Why Netty's FastThreadLocal is fast

Posted by v0id on Mon, 14 Oct 2019 13:53:46 +0200

Preface

Recently, when looking at the netty source code, I found a class called FastThreadLocal. JDK itself has a ThreadLocal class, so I can roughly think of this class is faster than jdk's own, where is the main speed, and why it is faster. Here is a brief analysis.

performance testing

ThreadLocal is mainly used in multi-threaded environment to easily obtain the data of current threads. Users do not need to care about multi-threaded issues, so they can use it conveniently. In order to illustrate the problem, two scenarios are tested separately: multiple threads operate the same ThreadLocal, and multiple ThreadLocals under a single thread. The following are tested separately:

1. Multiple threads operate on the same ThreadLocal

The test code is used for ThreadLocal and FastThreadLocal respectively. Some of the code are as follows:

public static void test2() throws Exception {
        CountDownLatch cdl = new CountDownLatch(10000);
        ThreadLocal<String> threadLocal = new ThreadLocal<String>();
        long starTime = System.currentTimeMillis();
        for (int i = 0; i < 10000; i++) {
            new Thread(new Runnable() {

                @Override
                public void run() {
                    threadLocal.set(Thread.currentThread().getName());
                    for (int k = 0; k < 100000; k++) {
                        threadLocal.get();
                    }
                    cdl.countDown();
                }
            }, "Thread" + (i + 1)).start();
        }
        cdl.await();
        System.out.println(System.currentTimeMillis() - starTime + "ms");
    }

The above code creates 10,000 threads, sets them to ThreadLocal, get s 100,000 times, and then calculates the total time consumption through CountDownLatch. The running result is about 1,000 Ms.
Next, test FastThreadLocal. The code is similar:

public static void test2() throws Exception {
        CountDownLatch cdl = new CountDownLatch(10000);
        FastThreadLocal<String> threadLocal = new FastThreadLocal<String>();
        long starTime = System.currentTimeMillis();
        for (int i = 0; i < 10000; i++) {
            new FastThreadLocalThread(new Runnable() {

                @Override
                public void run() {
                    threadLocal.set(Thread.currentThread().getName());
                    for (int k = 0; k < 100000; k++) {
                        threadLocal.get();
                    }
                    cdl.countDown();
                }
            }, "Thread" + (i + 1)).start();
        }

        cdl.await();
        System.out.println(System.currentTimeMillis() - starTime);
    }

After running, the result is about 1000ms. It can be found that there is no difference in performance between the two types of ThreadLocal in this case. The second case is tested below.

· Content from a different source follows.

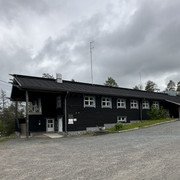 IMG 5594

2. Multiple ThreadLocal s under a Single Thread

The test code is used for ThreadLocal and FastThreadLocal respectively. Some of the code are as follows:

    public static void test1() throws InterruptedException {
        int size = 10000;
        ThreadLocal<String> tls[] = new ThreadLocal[size];
        for (int i = 0; i < size; i++) {
            tls[i] = new ThreadLocal<String>();
        }
        
        new Thread(new Runnable() {
            @Override
            public void run() {
                long starTime = System.currentTimeMillis();
                for (int i = 0; i < size; i++) {
                    tls[i].set("value" + i);
                }
                for (int i = 0; i < size; i++) {
                    for (int k = 0; k < 100000; k++) {
                        tls[i].get();
                    }
                }
                System.out.println(System.currentTimeMillis() - starTime + "ms");
            }
        }).start();
    }

The above code creates 10,000 ThreadLocals, and then uses the same thread to set the ThreadLocal value, while get 100,000 times, running results: about 2,000 ms;
Next, we test FastThreadLocal. The code is similar to that of FastThreadLocal.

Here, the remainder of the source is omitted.